When you reach the line in the data below that contains "Books between playful", please start repeating lines exactly, and stop after the line that contains "A conference room", repeating nothing else.

> Records drawn from a dataset
****************

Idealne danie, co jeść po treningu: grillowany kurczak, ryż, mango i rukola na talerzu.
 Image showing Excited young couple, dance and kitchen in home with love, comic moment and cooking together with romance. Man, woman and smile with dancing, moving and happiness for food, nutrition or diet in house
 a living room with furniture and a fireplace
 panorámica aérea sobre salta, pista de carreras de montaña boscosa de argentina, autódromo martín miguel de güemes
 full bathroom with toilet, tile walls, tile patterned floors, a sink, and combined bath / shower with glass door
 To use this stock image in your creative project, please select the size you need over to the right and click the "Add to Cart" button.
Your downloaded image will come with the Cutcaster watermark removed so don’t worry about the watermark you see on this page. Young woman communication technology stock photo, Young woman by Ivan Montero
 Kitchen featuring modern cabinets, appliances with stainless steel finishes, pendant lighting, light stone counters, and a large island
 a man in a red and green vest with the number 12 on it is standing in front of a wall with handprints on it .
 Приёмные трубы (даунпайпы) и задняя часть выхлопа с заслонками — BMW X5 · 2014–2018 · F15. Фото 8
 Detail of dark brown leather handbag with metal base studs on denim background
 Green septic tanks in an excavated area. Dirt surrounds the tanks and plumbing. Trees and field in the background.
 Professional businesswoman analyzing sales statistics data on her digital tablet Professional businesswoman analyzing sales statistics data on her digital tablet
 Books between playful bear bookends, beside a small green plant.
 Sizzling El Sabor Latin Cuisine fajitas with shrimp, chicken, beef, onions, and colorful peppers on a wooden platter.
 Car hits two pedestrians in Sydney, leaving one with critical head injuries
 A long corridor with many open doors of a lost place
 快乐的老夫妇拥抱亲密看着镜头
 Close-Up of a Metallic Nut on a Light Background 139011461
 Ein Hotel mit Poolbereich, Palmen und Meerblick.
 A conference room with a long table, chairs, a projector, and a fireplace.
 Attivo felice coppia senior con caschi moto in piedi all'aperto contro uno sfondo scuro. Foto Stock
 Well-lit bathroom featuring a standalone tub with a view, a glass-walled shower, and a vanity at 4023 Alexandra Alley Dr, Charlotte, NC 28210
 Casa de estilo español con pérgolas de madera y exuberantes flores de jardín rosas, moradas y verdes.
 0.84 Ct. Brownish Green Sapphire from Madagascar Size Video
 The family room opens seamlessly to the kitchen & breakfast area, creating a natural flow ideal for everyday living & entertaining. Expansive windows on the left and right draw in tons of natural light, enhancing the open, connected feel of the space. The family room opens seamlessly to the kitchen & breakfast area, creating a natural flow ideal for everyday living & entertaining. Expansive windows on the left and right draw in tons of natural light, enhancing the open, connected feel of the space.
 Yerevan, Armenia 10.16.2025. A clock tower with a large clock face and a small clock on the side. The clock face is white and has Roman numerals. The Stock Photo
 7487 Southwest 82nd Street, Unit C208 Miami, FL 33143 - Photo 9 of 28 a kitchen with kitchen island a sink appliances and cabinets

****************

> Exercise output
 Books between playful bear bookends, beside a small green plant.
 Sizzling El Sabor Latin Cuisine fajitas with shrimp, chicken, beef, onions, and colorful peppers on a wooden platter.
 Car hits two pedestrians in Sydney, leaving one with critical head injuries
 A long corridor with many open doors of a lost place
 快乐的老夫妇拥抱亲密看着镜头
 Close-Up of a Metallic Nut on a Light Background 139011461
 Ein Hotel mit Poolbereich, Palmen und Meerblick.
 A conference room with a long table, chairs, a projector, and a fireplace.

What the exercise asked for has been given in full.